**PROBLEM DESCRIPTION:** An exact copy of the data below is required; return it in full.

**DATASET CONTENT:**
_ _ _ _ _ _ _
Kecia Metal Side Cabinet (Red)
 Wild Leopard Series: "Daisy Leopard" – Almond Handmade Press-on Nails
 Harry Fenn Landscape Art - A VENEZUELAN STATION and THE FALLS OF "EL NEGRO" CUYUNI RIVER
_ _ _ _ _ _ _
**WRITTEN RESPONSE:**
Kecia Metal Side Cabinet (Red)
 Wild Leopard Series: "Daisy Leopard" – Almond Handmade Press-on Nails
 Harry Fenn Landscape Art - A VENEZUELAN STATION and THE FALLS OF "EL NEGRO" CUYUNI RIVER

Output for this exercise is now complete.